Wenn auch eine umfassende Monographie noch immer aussteht, so sind Person und Werk doch weitgehend in den bisherigen Publikationen behandelt.Abbildungsverzeichnis:
Abb. 1: Stadtmuseum Hadamar, abgebildet in: Im Gegenlicht – ein Schattenbild, Limburg 1992, S. 11
Abb. 2: Sammlung Hamm, Limburg, Zeichnung zu: Engert – Sieben Zeichnungen. Mit einem Nachwort von Karl Otten, München 1913, abgebildet in: Im Gegenlicht – Ein Schattenbild, Limburg 1992, S. 41
Abb. 3: Sammlung Hamm, Limburg, Variante zu einem Scherenschnitt von 1911, dieser abgebildet in: Im Gegenlicht – Ein Schattenbild, Limburg 1992, S. 25
Abb. 4: Sammlung Hamm, Limburg, abgebildet in: Im Gegenlicht – Ein Schattenbild, Limburg 1992, S. 51
Abb. 5: Städt.
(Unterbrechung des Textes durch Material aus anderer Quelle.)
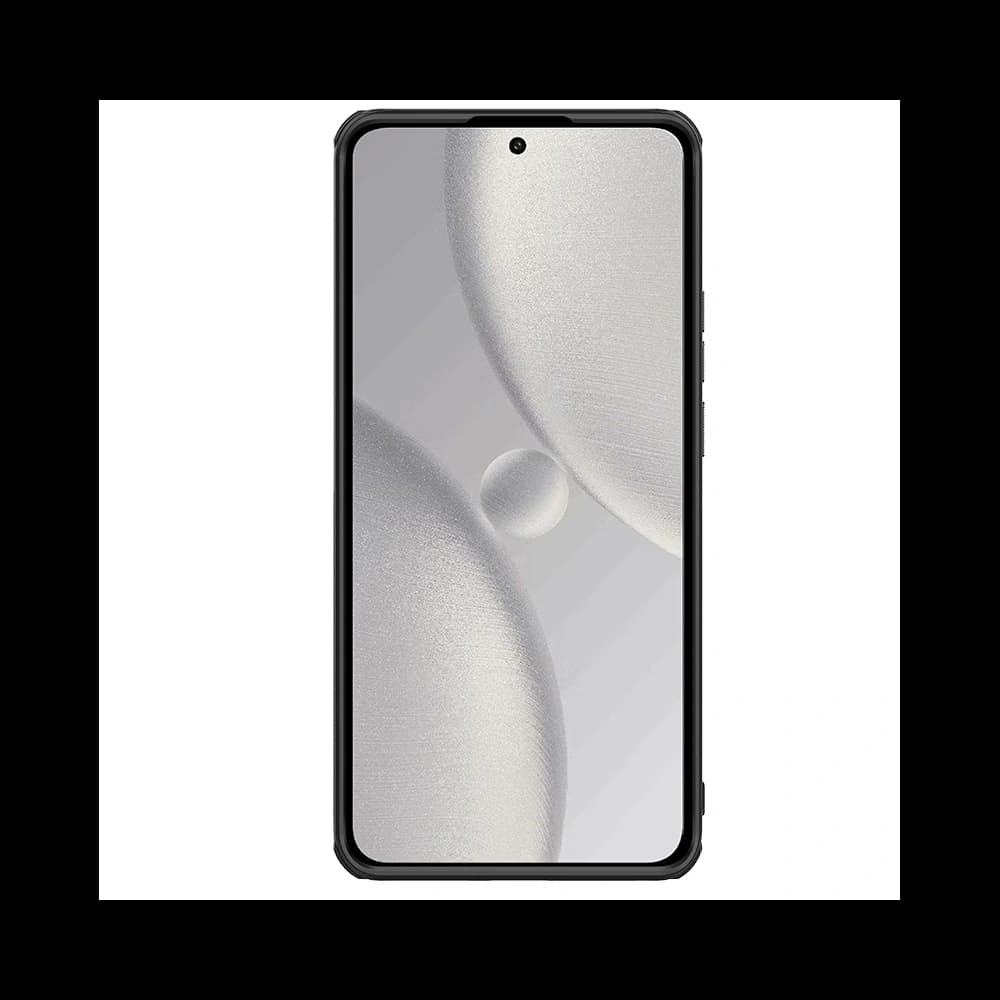 Nillkin Super Frosted Shield Pro Xiaomi 15 Ultra black - 5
Kunstsammlungen Limburg, abgebildet in: Engert – Theaterblätter, Limburg 2000, S. 14
Abb. 6: Dokumentation des Darmstädter Expressionismus Claus K. Netuschil, Darmstadt, abgebildet in: Darmstätter Sezession – Kontakte zum Rheinischen Expressionismus 1919 – 1929, Bonn 1999, S. 2
Abb. 7: Städt. Kunstsammlungen Limburg, abgebildet in: Engert – Figürliche Silhouetten, Limburg 2002, S. 71, Nr. 104
Abb. 8: Privatsammlung Weber, Wendelstein, abgebildet in: Simplicissimus Nr. 32, 1926, S. 423
Abb. 9: Sammlung Hamm, Limburg, abgebildet in: Joachim Heusinger von Waldegg, E.M. Engert, Bonn 1977, S. 17 Nr. 18a
Abb. 10: Privatsammlung, Abb. in: Ernst Moritz Engert – Figürliche Scherenschnitte, Limburg 2002, S. 30
Abb. 11: Abb. in: Engert und das Theater, Limburg 1985 S. 79, Nr. 112
Wir haben nach dem Krieg am Herzenbergweg Hadamar mehrere Jahre bei M. Engert und Schwester Dora gewohnt. Er hatte immer Hunde, meist Afgahnen, denen es aber nicht sehr gut ging. Für die Prozession zu Himmelfahrt machte er jeweils einen riesigen, wunderschönen Teppich aus Blütenblättern. Wir Kinder hatten eher Angst vor ihm, denn ein freundlicher Mann war er nicht. Meinen Bruder hat er portraitiert, als Scherenschnitt. Darin war er genial. Später habe ich ihn, damals Glasfachschüler, mehrfach in der Synagoge besucht. Er war Menschen gegenüber stets sehr distanziert. Hadamar selbst war zumindest damals eine sehr spiessige Stadt, schwer erklärbar, was ihn dort gehalten hat.
Hallo Herr Schneider,
ja, die Scherenschnitte von Engert sind unerreicht. Aus einem Nachlass biete ich
2 Engert Scherenschnitte an zum Preis von € 350,00/Stück.
Sollten Sie daran interessiert sein, bitte ich um einen kurzen Bescheid.